Beneath you are foaming rapids. Classic.

You need to cross over to the other side and the only thing there to help you do that is a rickety wooden bridge that the locals have assembled from random materials.

It looks sketchy but as you gaze across to the other side, you see other people like you who have crossed it.

In fact, there is a woman crossing it right now- she's already halfway down.


Don't worry this has something to do with marketing.

I was on a call a good-fit call a couple of weeks ago with an amazing course creator/ educator when she said:

"We have a rickety funnel"

They were referring to the fact that they had DIYed everything so far in their business.

"It's totally ok" I said.

It's way easier to fix a rickety funnel that works than to dismantle a shiny, solid bridge to NOWHERE.

This woman (and her biz partner) had several successful courses, thousands of people on their mailing list and have done all this with no marketing help.

Impressive I'd say.

The sad part is that I often see the opposite.

People with very shiny, complex funnels, perfect websites, polished logos- ALL THE THINGS.

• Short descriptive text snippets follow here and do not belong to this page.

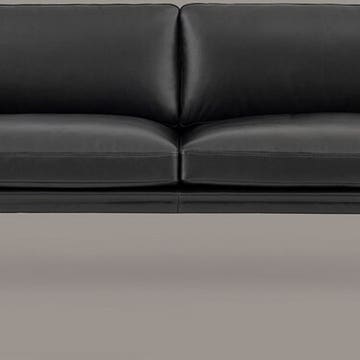 Canapé OUTLINE de Muuto, 2 places, Refine cuir noir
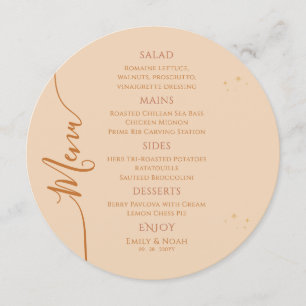 Menu Champanhe Celestial Sun Lua Estende Casamento Espa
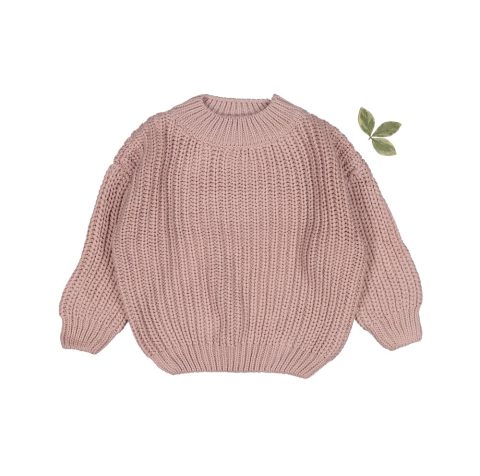 The Chunky Knit Sweater – Mauve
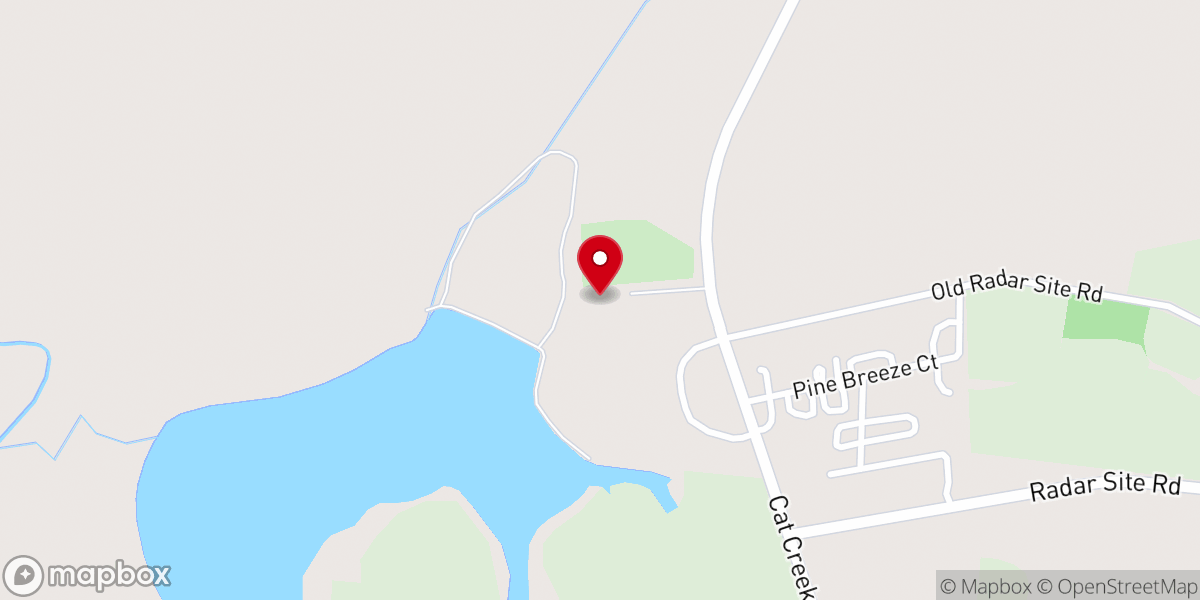 Map showing location of Cat Creek Church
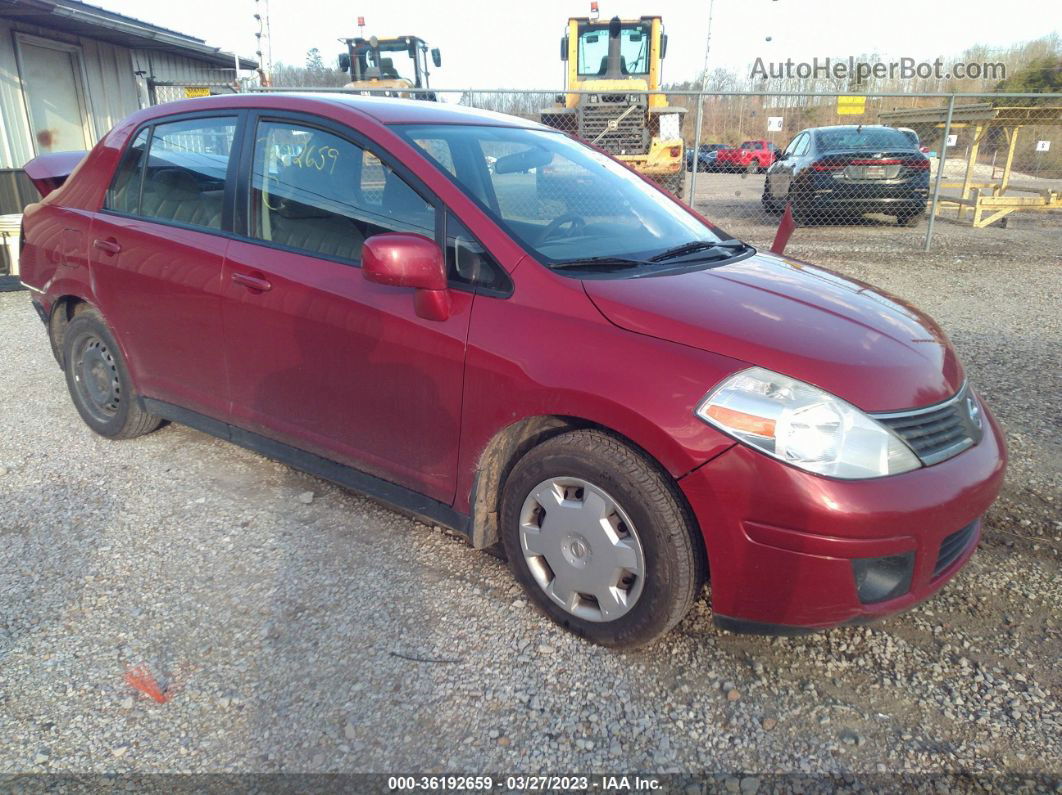 2009 Nissan Versa 1.8 S Maroon vin: 3N1BC11E39L445965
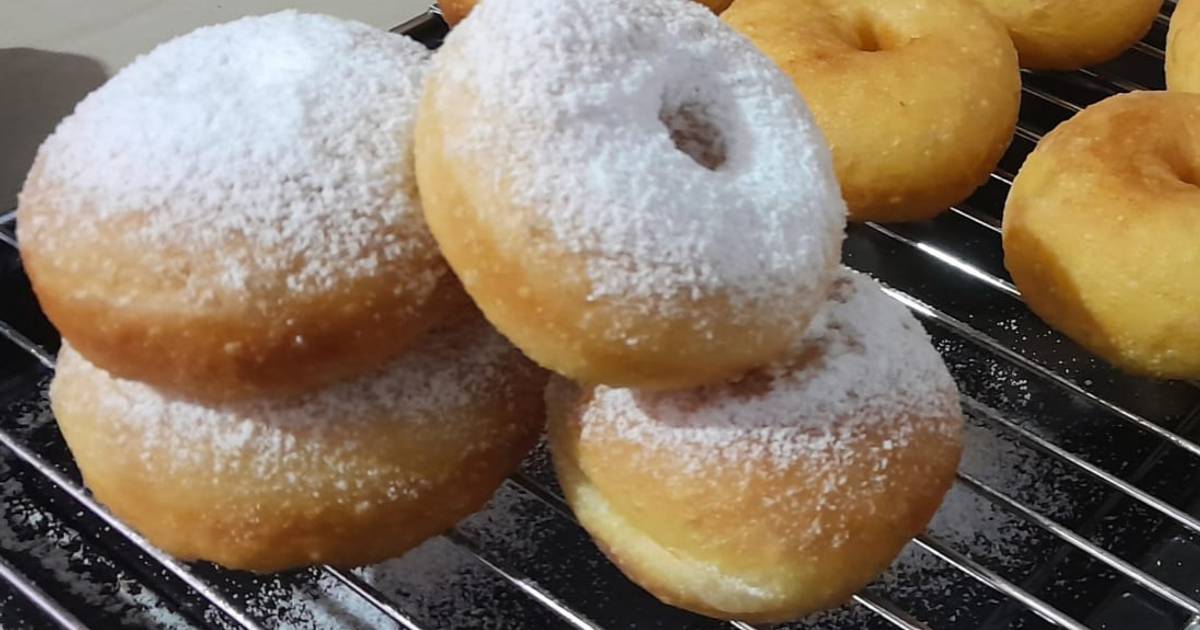 Resep Donat Labu Kuning Empuk Eggless Oleh Ummu Iffah Cookpad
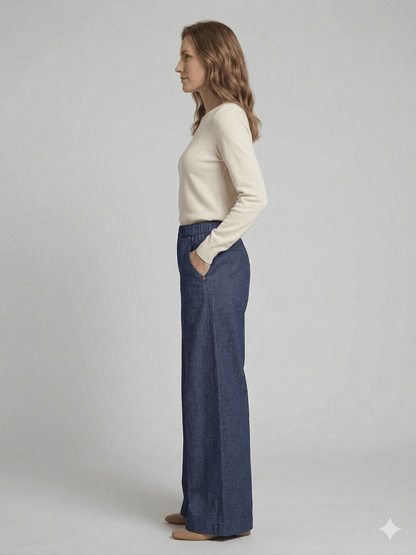 Pantalone palazzo con tasche Ragno - Malerba Showroom
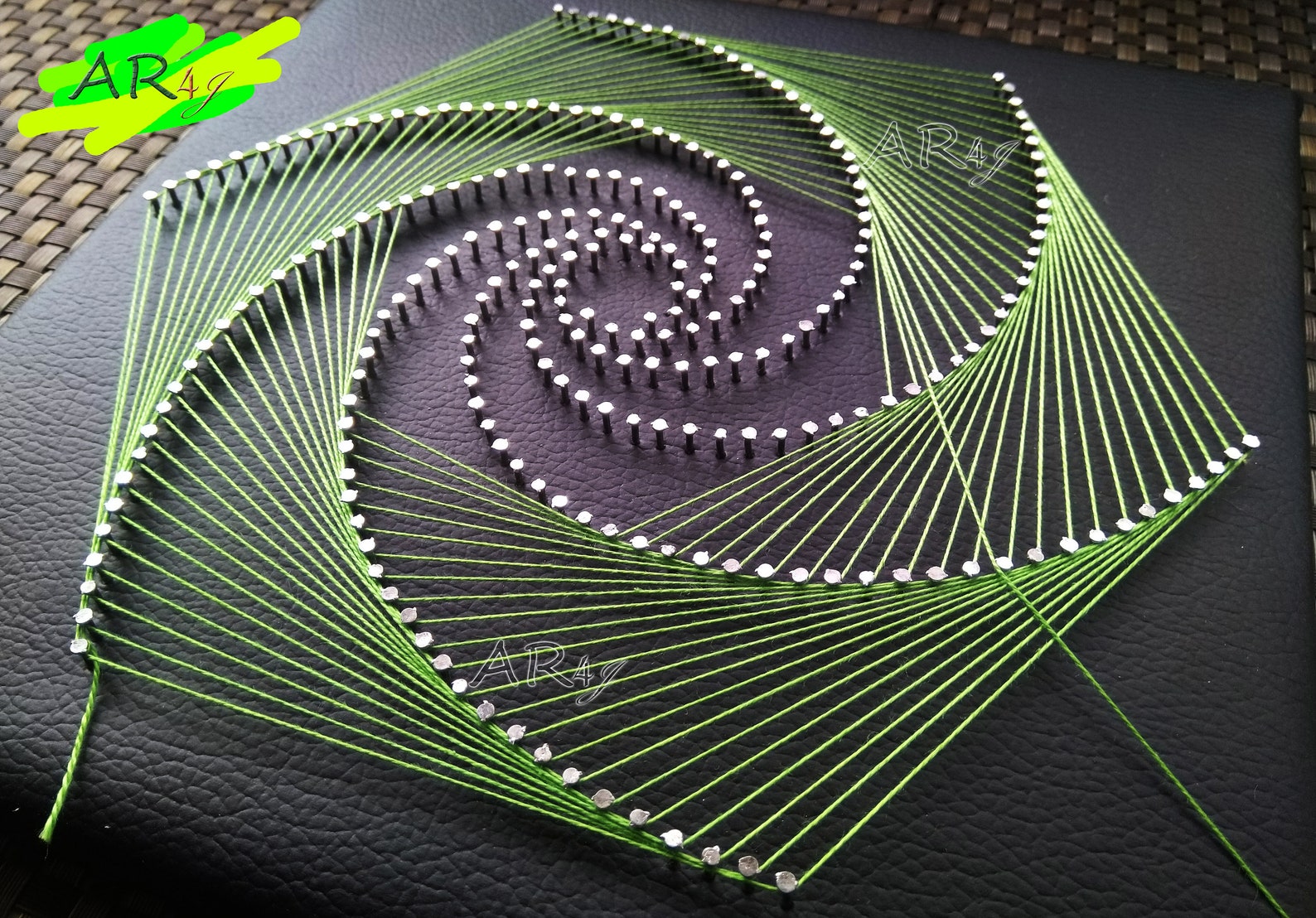 4 String Art Geometric Pattern DIY Bundle | Step by Step Instructions ...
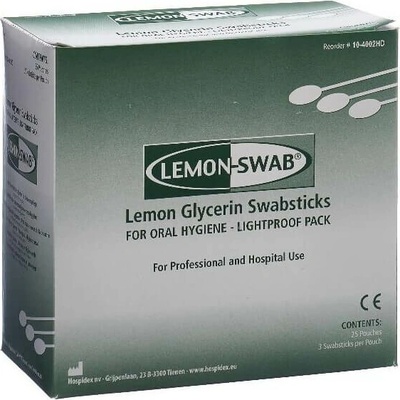 Vatové tyčinky s glycerínom Lemon-Silk 25x3 ks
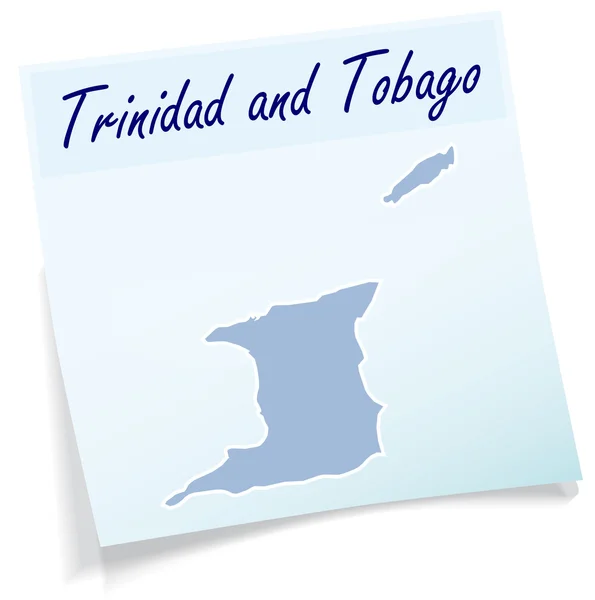 Mapa de Trinidad y Tobago — Vector de stock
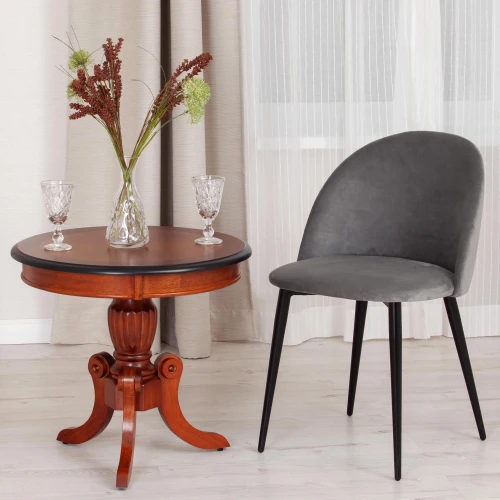 Стул MONRO (mod. 710) ткань/металл, серый barkhat 26/черный, 55х51х78 см, высота до сиденья 47 см (Комплект из 4 шт.)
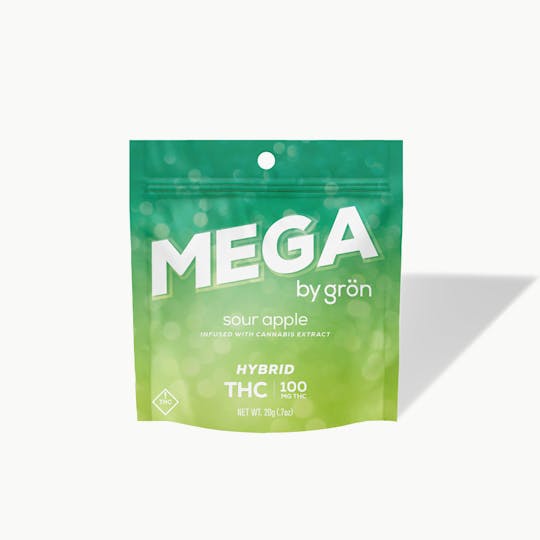 Grön Edibles - Grön THC Sour Apple Mega Pearl - Hybrid - OH - 1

Yet- no product-market fit, no traction, no actual market validation.

Why?

Because some unethical marketer(s) out there built them a golden bridge leading to nowhere and took their money while they were at it.

All this is to say- there is no point in hiring ANY marketing help until you know with 10000% certainty that the thing you are selling has a hungry market.

Here's a signal to look out for: you know it's a hungry market when people will buy it despite your ugly landing page. Heck, I've bought stuff off of a google doc.

This can be hard to face sometimes (been there).

You are tempted to think- oh maybe my copy is just OFF, or it must be because my website is so outdated- I better book that brand photographer.

Nope.

It's because you are selling desert to people who just had a big dinner.